By Philip Iglauer
A U.S.-based nonprofit organization released a survey of global nuclear security ahead of the Seoul Nuclear Security Summit (NSS), which convenes today and Tuesday, that indicates Korea’s nuclear material is more secure than material in the United States.
The survey has implications for Korea’s civilian nuclear industry and the government’s negotiations with U.S. over the renewal of the 1974 bilateral Civilian Nuclear Cooperation Agreement set to expire in 2014.
Korea wants permission to reprocess spent fuel, including enriching uranium, with so-called “pyro-processing” technology. The U.S. opposes including provisions for pyro-processing in a renewed agreement out of fear that resulting enriched uranium could slip into the hands of terrorists.
The security of the world’s stocks of nuclear materials is the official focus on the two-day NSS.
The Nuclear Security Index, released by the Nuclear Threat Initiative (NTI) in January, divides the world in two: Those 32 nations with 1 kilogram or more of weapons-usable nuclear material and a remaining 144 countries without.
The index uses three criteria for ranking the countries that possess less than 1 kilogram ― global norms, societal factors, and domestic commitments and capacities.
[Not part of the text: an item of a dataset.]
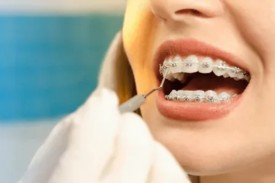 Everything You Need to Know About Adult Braces: Age Considerations, Benefits and Drawbacks, and Before & After Comparisons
It uses an additional two criteria for those countries with weapons-usable materials ― quantities and sites and security and control measures.
The United States received a score of 78 ranking 13th among the 32 nations with 1 kilogram or more of weapons-usable nuclear materials.
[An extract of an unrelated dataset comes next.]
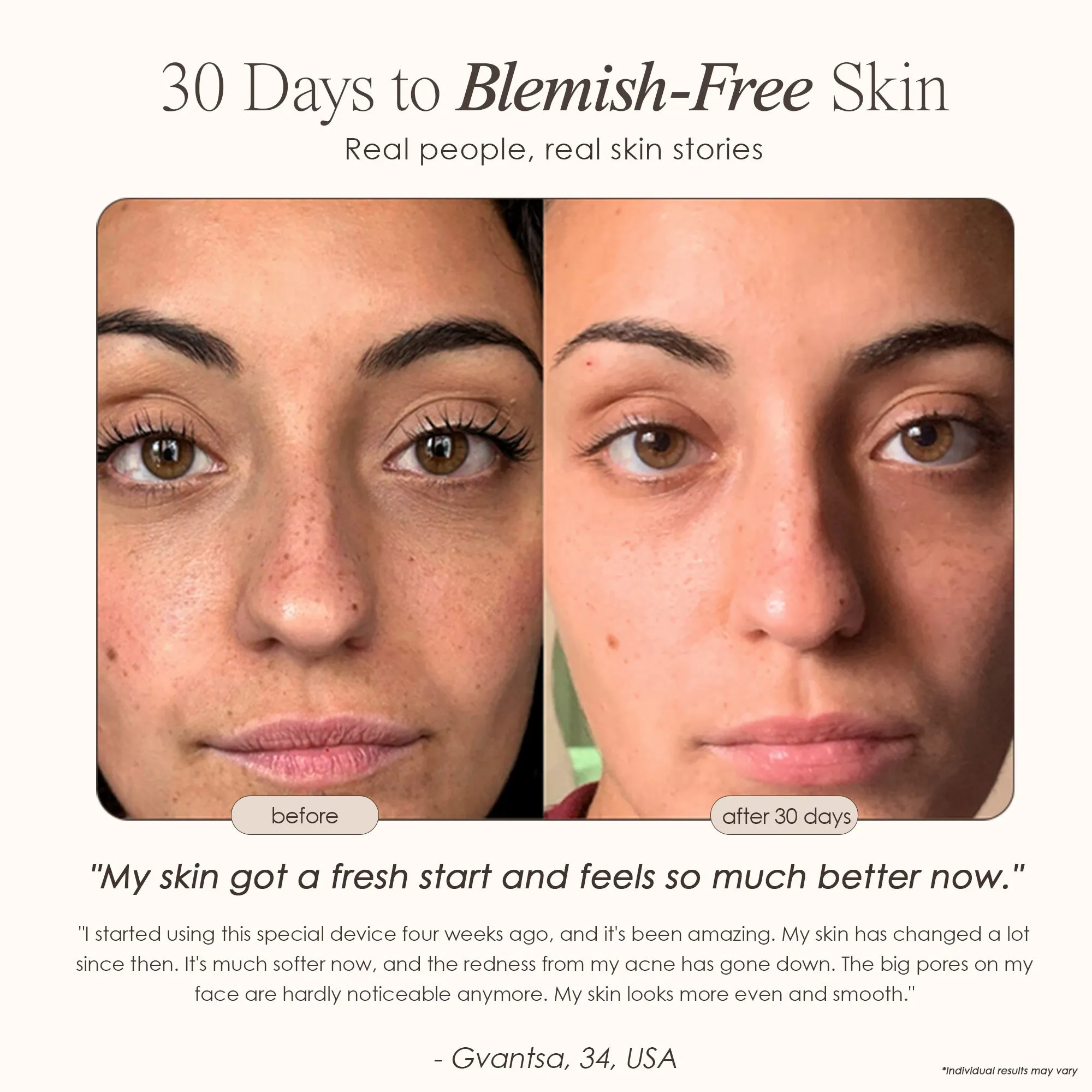 Reinvo | Facial Microdermabrasion Wand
Korea, however, received a score of 82, four points higher than the U.S. It also ranked 13th, but among the 144 nations surveyed with less than 1 kilogram of nuclear material.
The survey may have important implications for Korea’s nuclear industry, as the nation’s energy dependent economy appears likely to expand its nuclear energy infrastructure.
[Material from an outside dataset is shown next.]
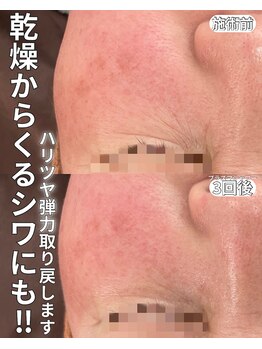 ベルファーム(Belle Femme)/目元に注目♪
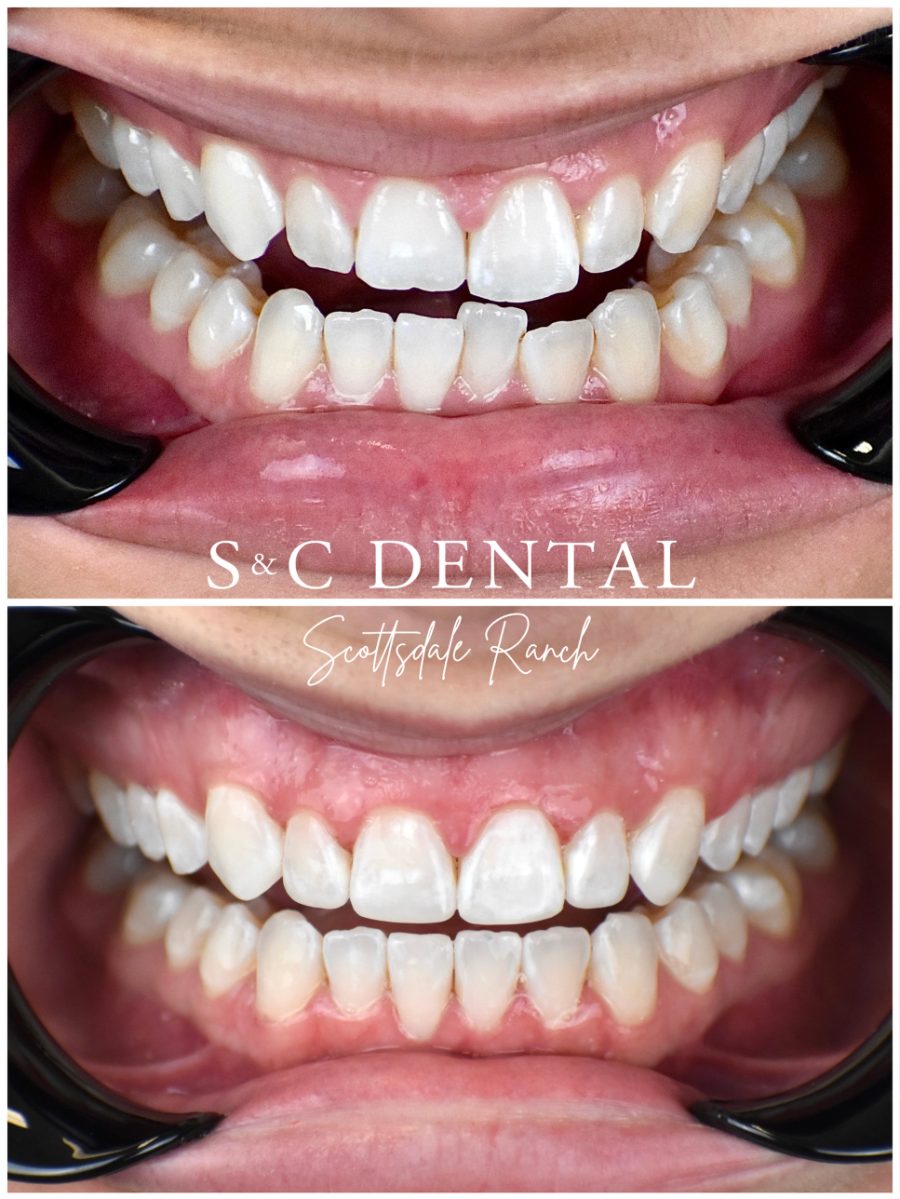 Before and after photo of a patient’s smile treated at S&C Dental Scottsdale Ranch in Scottsdale, AZ - case 5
Korea has about 20 nuclear reactors which provide the country some 35 percent of its electricity needs. The Ministry of Knowledge Economy set a goal of exporting 80 nuclear power reactors worth $400 billion by 2030, which would establish the country as the world’s third-largest supplier of nuclear power and a 20-percent global market.
The U.S. is a major obstacle to government designs.
The Korean-U.S. civil nuclear cooperation agreement prohibits Korea from engaging in plutonium reprocessing or uranium enrichment with materials or technolohy of American origin without first receiving U.S. government approval, because under the 1974 nuke pact such materials and technology must first meet U.S. restrictions.
Many of the nuclear reactors here use U.S.-origin technology, uranium or fuel.
Government officials consider these restrictions excessive and are seeking to relax them in a new agreement currently being negotiated.
The Obama administration and the U.S. Congress, which must approve any bilateral nuclear cooperation agreement, are worried about the number of countries possessing sensitive nuclear technologies and are opposed to Korea out of concern of tthe East Asian country's control over those materials.